AB-INITIO THEORETICAL-STUDY ON ETHYLENE POLYMERIZATION WITH HOMOGENEOUS SILYLENE-BRIDGED GROUP-4 METALLOCENE CATALYSTS - ETHYLENE INSERTION AND BETA-ELIMINATION

The mechanism of homogeneous polymerization of ethylene with silylene-bridged group 4 cationic metallocene model catalysts (H(2)SiCp(2)M-Me(+); M = Ti, Zr, Hf) has been studied by the ab initio MO method, with focus on two important reactions: the repetitive insertion of ethylene into the metal-alkyl bond along Cossee's direct insertion mechanism and the beta-elimination, considered to be a termination or chain-transfer step. All stationary point structures are optimized at the RHF level (some for Zr at the RMP2 level as well), and the energetics is calculated at the RQCISD level. The insertion of ethylene into the M-Me bond proceeds through a four-centered transition state with a small activation energy of 7-10 kcal/mol, leading to the kinetic product having the gamma-agostic propyl ligand with an exothermicity of about 30 kcal/mol.
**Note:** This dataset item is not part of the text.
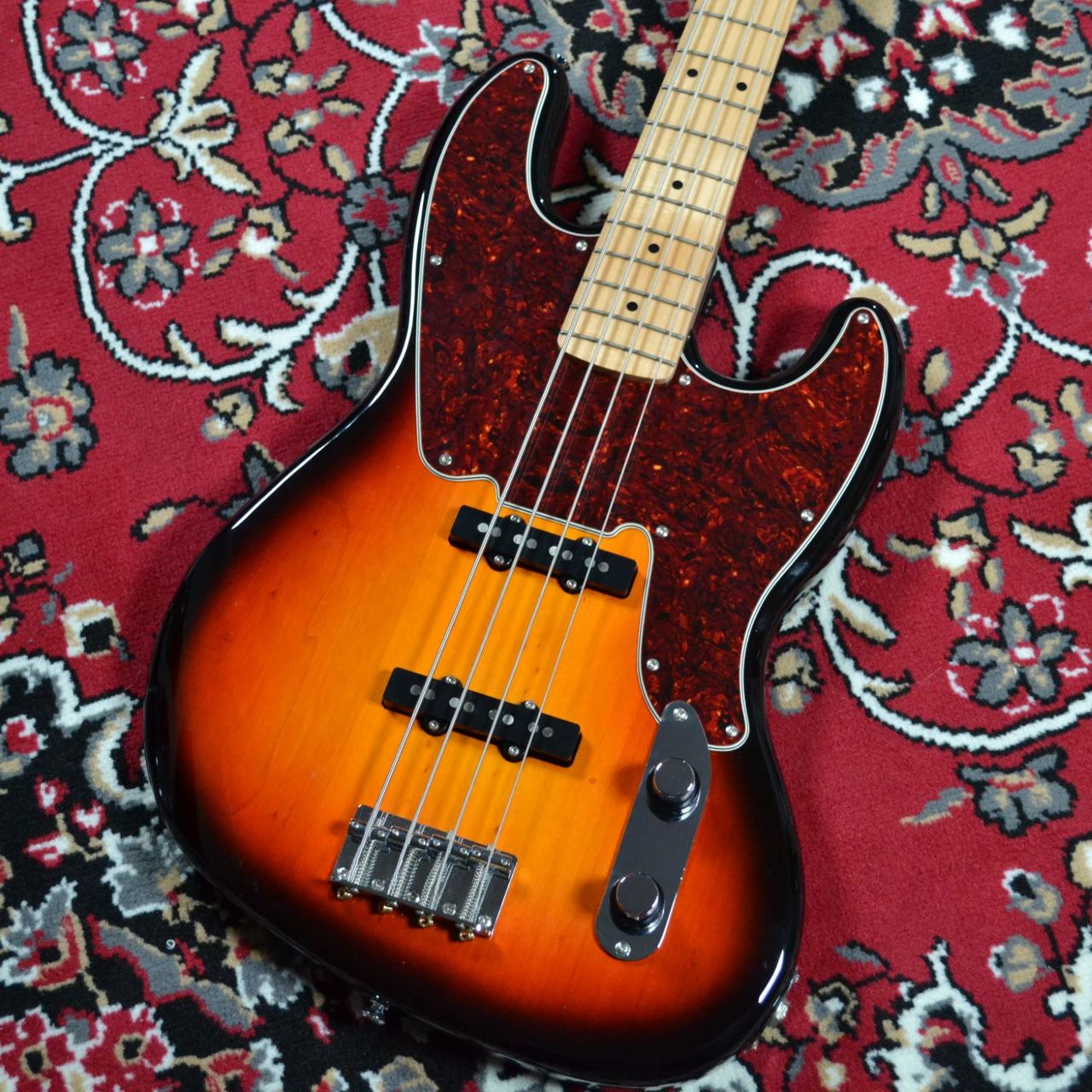 スクワイヤー Paranormal Jazz Bass　 中古美品 Squier Paranormal Jazz Bass '54 Electric Bass Guitar - Black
There is a clear difference in energy of reaction between Ti and the other metals, Ti being the least exothermic, consistent with the experimental relative order of insertion activity: Zr greater than or equal to Hf > Ti. The peculiarity of Ti has been attributed to the size effect; the small radius of Ti makes its Ti transition states and intermediates more compact and crowded than those. of the other metals. Isomerization of the gamma-agostic product to the more stable beta-agostic propyl complex requires a high activation energy, especially for Hf a factor related to the ability to produce polymer with higher molecular weight. beta-Elimination from the beta-agostic propyl complex is endothermic by about 50 kcal/mol and takes place with difficulty. In addition, comparison has been made with recent theoretical calculations which gave no barrier.